Die Berlinerin Sabine Mangold übersetzt seit mehr als 30 Jahren japanische Literatur ins Deutsche — doch nicht nur: Zu ihrem Spektrum gehören auch Sachbücher, Essays oder Filmsynchronisation. Das breite Schaffen spiegelt sich in diesem Jahr wieder, wo sich zwei der von ihr übersetzten Romane im weitesten Sinne um Lebenshilfe drehen, platziert neben einem autobiografischen Essay und einem Thriller. Ebendieser, ‚Suzukis Rache‘, paart Witz mit Spannung und ist auf seine Weise mindestens ebenso filmreif geschrieben wie der besser bekannte ‚Bullet Train‘. Die Coolness der Hauptfiguren bringt Mangold mit ihrer Übersetzung wunderbar auf den Punkt. Ein ausgezeichneter Anlass, mit ihr über ihre Arbeit zu sprechen.

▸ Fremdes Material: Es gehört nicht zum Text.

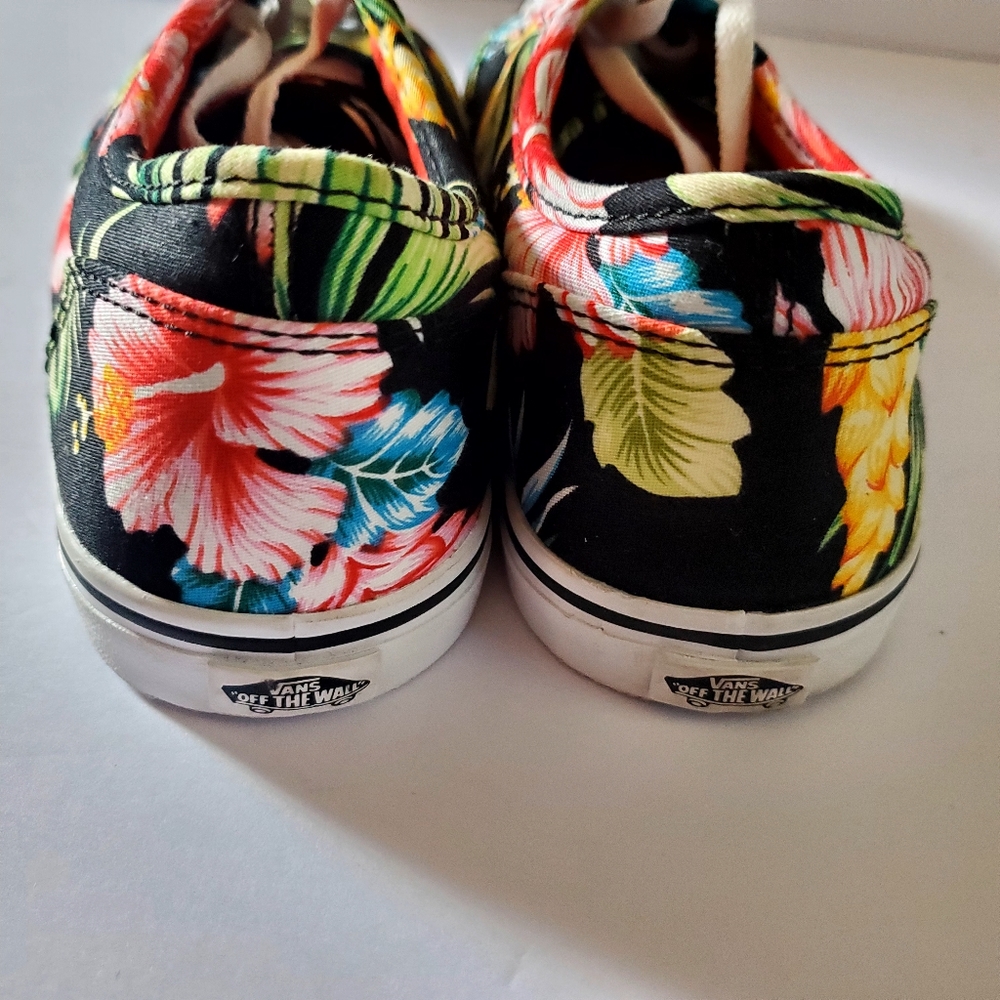 Vans Floral Canvas Sneakers Women' S Size 7 - Picture 4 of 7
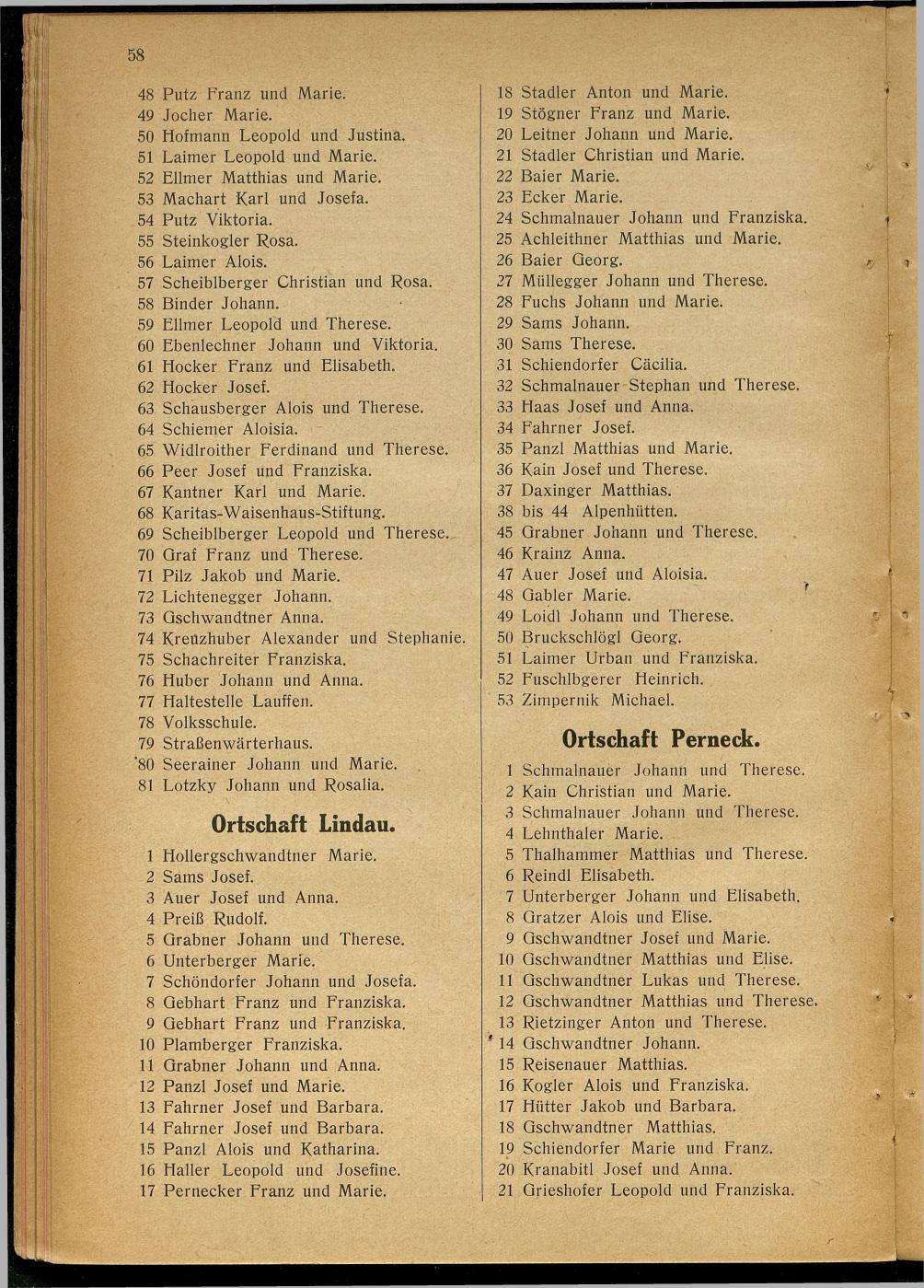 Handels- und Gewerbe-Adressbuch nebst Häuser-Verzeichnis der Kurortsgemeinde Bad Ischl 1925 - Seite 86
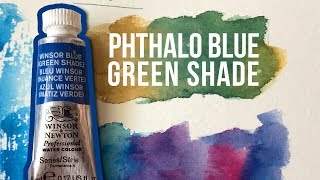 Phthalo Blue Green Shade  Winsor amp Newton  The Paint Show 37 [upl. by Aivad]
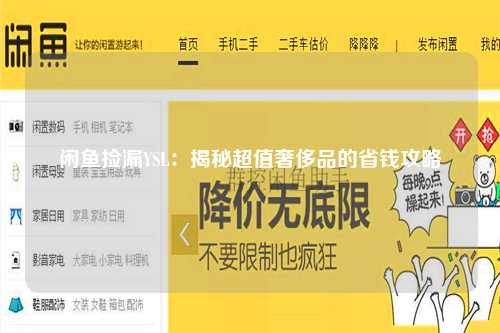 闲鱼捡漏YSL：揭秘超值奢侈品的省钱攻略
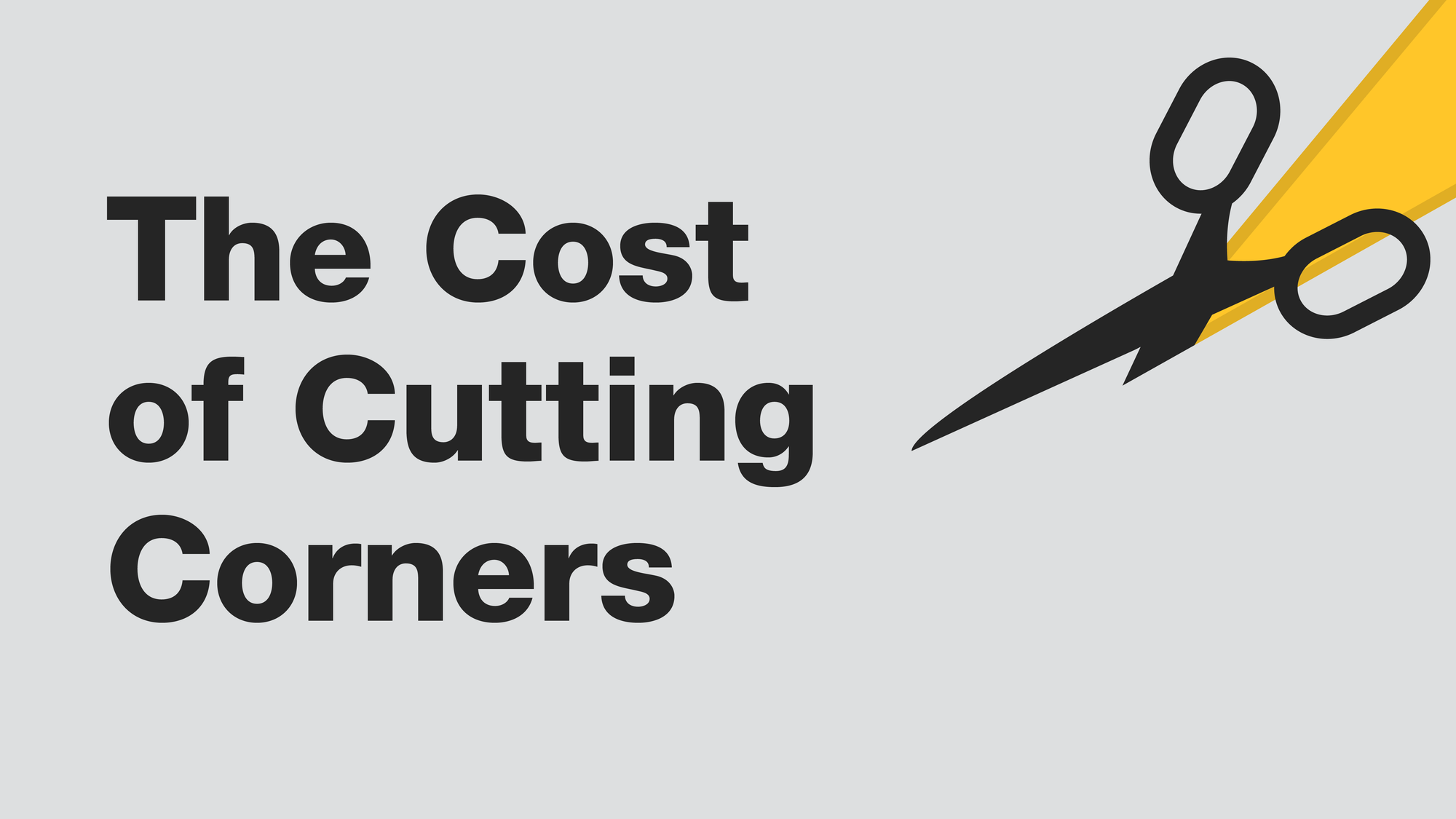 The Hidden Costs of "Cutting Corners" on Workplace Cleanliness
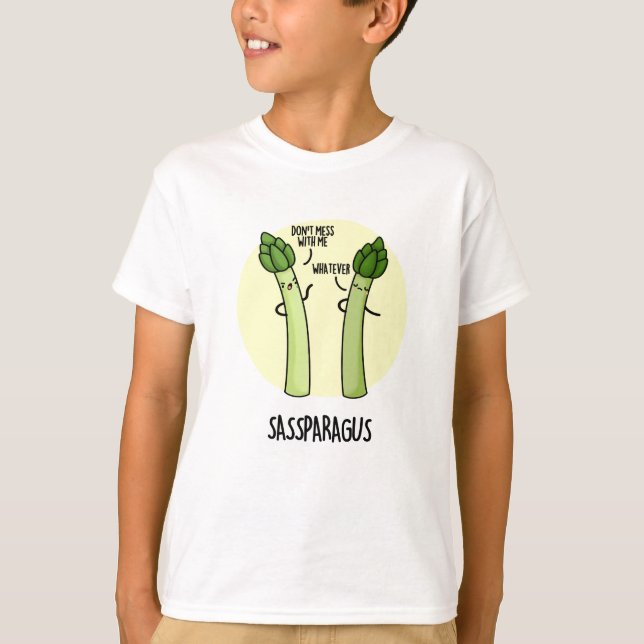 Sassparagus Funny Asparagus Vegetable Pun  T-Shirt (Front)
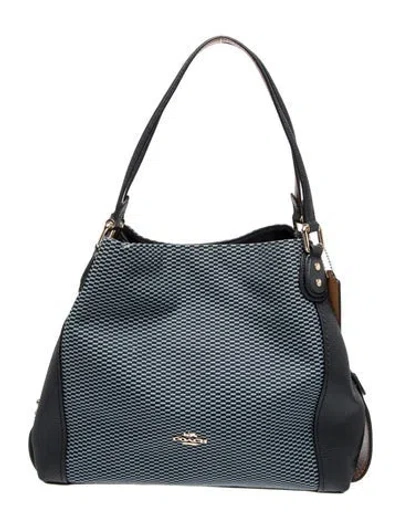 Pre-owned Coach Leather Shoulder Bag In Black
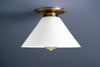 Vintage Lighting - Shade Lighting - White Glass Shade - Ceiling Light - Ceiling Lamp - Model No. 3808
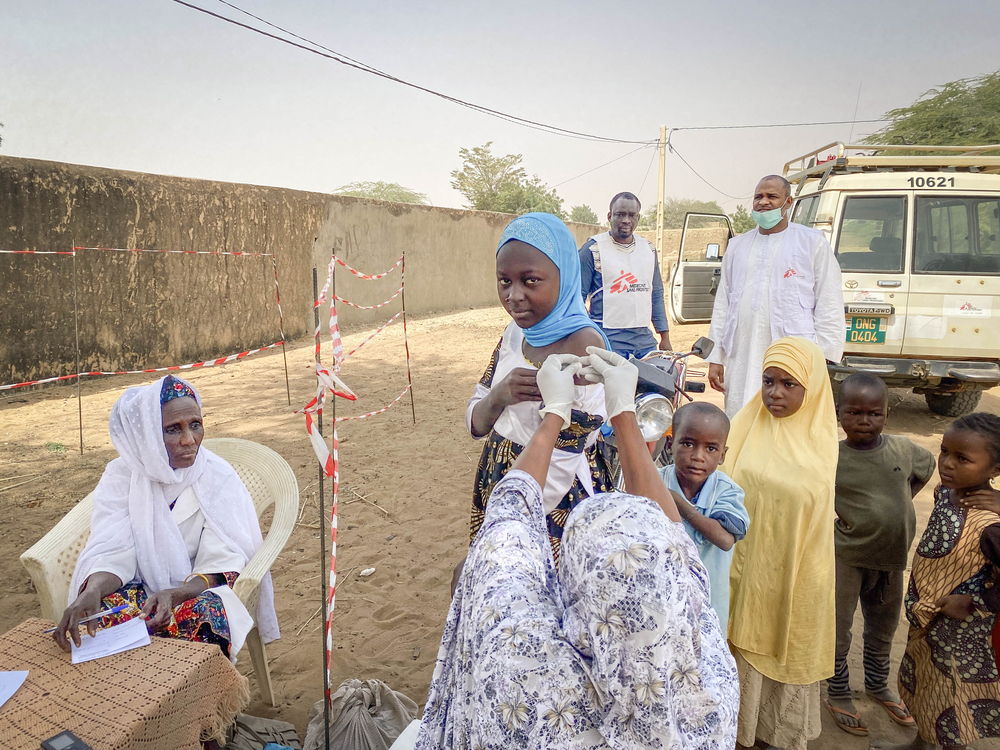 Diphteria vaccination in Zinder region, Niger. Photographer: Mariama Diallo | Date: 06/01/2023 | Location: Zinder region, Niger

Kotaro Isaka - Suzukis Rache

Suzukis Rache‘ ist eigentlich das erste Buch einer Trilogie, obgleich es als zweites erschien. Hatten Sie zuvor ‚Bullet Train‘ gelesen, um sich in den „Sound“ einzulesen oder ist so ein Schritt nicht unbedingt notwendig?

Ich habe ‚Bullet Train‚gelesen und mir danach die Verfilmung angeschaut, die ich ziemlich misslungen fand.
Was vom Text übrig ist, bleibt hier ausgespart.